The accusations of snobbery were culled from polling of Prius owners, so they were probably earned. You could see the backlash coming during Obama’s ’08 run for the presidency. Machinist union pres Tom Buffenbarger endorsed Hillary Clinton while bashing Obama’s supporters as “latte-drinking, Prius-driving, Birkenstock-wearing, trust-fund babies.” At which time Auntie Ruth thought, “Damn, I’ve got the latte, the Birkenstocks and the Prius … but what I could really use is some trust fund, baby.”
The Toyota Prius went on sale in Japan in ’97 and in the States in ’01. It hit the 1 million mark, worldwide, in ’07 and passed 3 million in worldwide sales in February of this year, with a third of those being sold in America, according to Fast Company. Comparatively, the Toyota Camry passed the 10 million mark back in ’05—and Toyota sold 7.8 million cars worldwide in ’09 alone.
Ruthie bought it used from a Sacramento guy who had two of them. How he loved the Prius he sold Aunt Ruth (it was his first; she can still remember how wistful he looked as we drove off).
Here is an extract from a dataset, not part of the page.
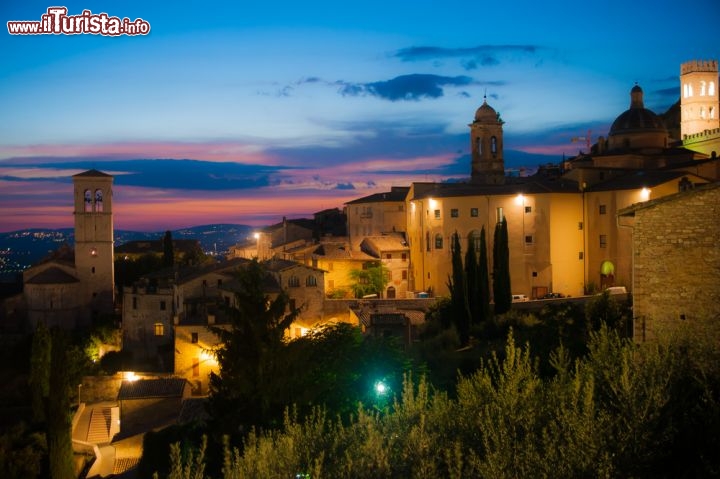 Immagine Crepuscolo sul borgo di Assisi: con le sfumature rossastre del cielo che si riflettono sulle facciate delle abitazioni e su strade e piazze, il fascino emanato dalla città umbra, che sorge alle porte di Perugia, appare ancora più forte - © Zocchi RobertoLily Zdilar / Shutterstock.com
In these times of A.J. (After Jobs), when the beauty of Apple products is all the chitty-chat, Prius nestles into that paradigm rather neatly: It’s one smart little car. It’s not the fastest—while Al Gore’s kid got it up to 100 mph, he was on drugs at the time, and you’d have to be—and its looks aren’t everybody’s definition of foxy. But it’s taught Auntie Ruth how to drive more intelligently. And—oh, yeah—saved her a lot of gas money.
True, in Sweden, where hybirds are legion, gas emissions are actually up—hybirds save money on gas and people drive them more (this according to Common Dreams). Pious is as Prius does; may America wrestle with the same problem by and by.